Go through the records and show each line where the word "Used" occurs.

─── PROVIDED RECORDS ───

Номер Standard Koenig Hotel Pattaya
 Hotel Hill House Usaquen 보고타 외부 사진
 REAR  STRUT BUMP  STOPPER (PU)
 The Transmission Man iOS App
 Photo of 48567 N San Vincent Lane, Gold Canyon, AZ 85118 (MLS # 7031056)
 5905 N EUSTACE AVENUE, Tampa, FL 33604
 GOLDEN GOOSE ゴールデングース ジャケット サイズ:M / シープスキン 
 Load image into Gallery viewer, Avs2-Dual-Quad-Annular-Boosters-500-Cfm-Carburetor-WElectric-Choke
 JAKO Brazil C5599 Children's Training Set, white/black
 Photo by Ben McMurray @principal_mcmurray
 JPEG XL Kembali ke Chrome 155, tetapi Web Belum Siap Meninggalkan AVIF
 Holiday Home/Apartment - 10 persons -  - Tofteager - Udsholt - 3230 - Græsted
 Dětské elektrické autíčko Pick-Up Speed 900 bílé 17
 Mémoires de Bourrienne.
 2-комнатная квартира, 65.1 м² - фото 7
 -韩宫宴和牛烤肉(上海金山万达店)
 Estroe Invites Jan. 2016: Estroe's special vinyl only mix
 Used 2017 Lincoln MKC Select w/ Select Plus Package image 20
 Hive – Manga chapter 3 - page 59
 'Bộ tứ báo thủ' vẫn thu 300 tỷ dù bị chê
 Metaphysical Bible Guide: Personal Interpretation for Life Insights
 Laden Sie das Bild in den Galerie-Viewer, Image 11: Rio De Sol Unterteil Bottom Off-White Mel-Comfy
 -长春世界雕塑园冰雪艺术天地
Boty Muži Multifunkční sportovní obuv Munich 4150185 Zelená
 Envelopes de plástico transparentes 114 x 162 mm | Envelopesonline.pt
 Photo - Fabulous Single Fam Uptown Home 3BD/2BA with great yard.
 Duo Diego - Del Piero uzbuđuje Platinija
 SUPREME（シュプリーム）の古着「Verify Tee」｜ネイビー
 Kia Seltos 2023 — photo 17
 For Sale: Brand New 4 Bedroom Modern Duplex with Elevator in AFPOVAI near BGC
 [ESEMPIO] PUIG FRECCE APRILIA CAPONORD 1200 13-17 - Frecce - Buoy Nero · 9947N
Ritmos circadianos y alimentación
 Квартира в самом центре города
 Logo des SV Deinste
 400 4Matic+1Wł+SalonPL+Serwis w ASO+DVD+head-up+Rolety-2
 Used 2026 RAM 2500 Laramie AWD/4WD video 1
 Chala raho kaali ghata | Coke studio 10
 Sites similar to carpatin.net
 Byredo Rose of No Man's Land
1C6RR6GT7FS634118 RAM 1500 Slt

───

WRITTEN SOLUTION:
 Used 2017 Lincoln MKC Select w/ Select Plus Package image 20
 Used 2026 RAM 2500 Laramie AWD/4WD video 1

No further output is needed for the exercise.